Saturday, August 20, 2016
When I was a horny and immature teenager I remember someone telling me about what the letters ADIDAS stood for. It had nothing to do with the athletic shoe company. Rather I was told ADIDAS was an acronym for All Day I Dream About Sex. Of course I giggled when I first heard this because it was a bit 'dirty' as well as funny - for a 14 year old boy.
Now some 40+ years later, that acronym still holds significance because it still remains true. I do dream about sex all day long. However I dream, dwell and focus on more than just sex. I lust after my wife. I think about her all the time. I find her hot, sexy and incredibly passionate when she feels like being so. Let me expound on my thinking to drive this point home more fully.
Yesterday she stood from the sofa and bent forward to pick up something from the coffee table. I was sitting next to her. My eyes didn’t go move to what she was getting, rather it moved to her butt. I love looking at her butt! I love looking at it, touching it and grabbing it (when I'm permitted to do so.)

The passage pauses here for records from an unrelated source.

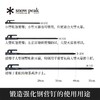 锻造强化钢地钉 商品缩略图4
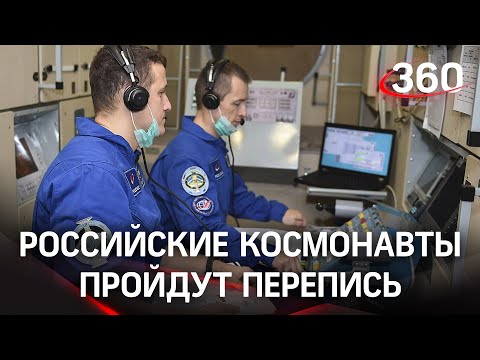 Российские члены экипажа МКС поучаствуют во всероссийской переписи населения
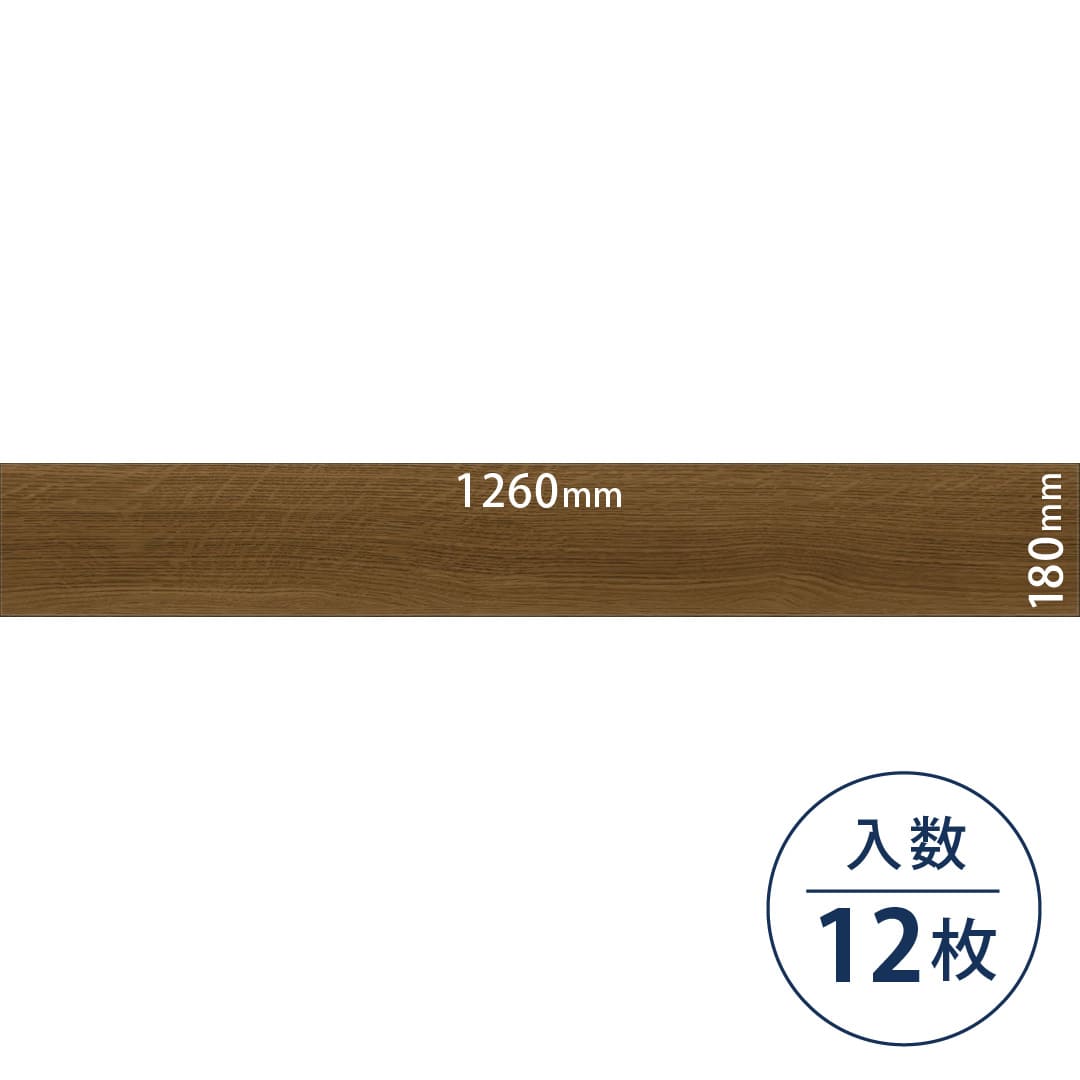 ロイヤルウッド ビニル床タイル PWT4249（180mm×1260mm）【ケース販売】12枚 東リ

Whenever she’s driving I can’t help but look at the graceful curve of her breast. I don't know what it is about a woman's figure but they were made to appeal to a mans' eye and Katie's appeals to me all the time.
When she stands and wears a short top, I love seeing the front of it hang loosely and away from her abdomen, knowing her ample chest is pushing it forward and letting it fall in that sexy way.
When she walks ahead of me, upstairs, or for that matter most anywhere when she takes the lead, I limit my viewing area to her legs, her figure and the the sway of her gait. There's not another person I'd rather let my senses absorb than her.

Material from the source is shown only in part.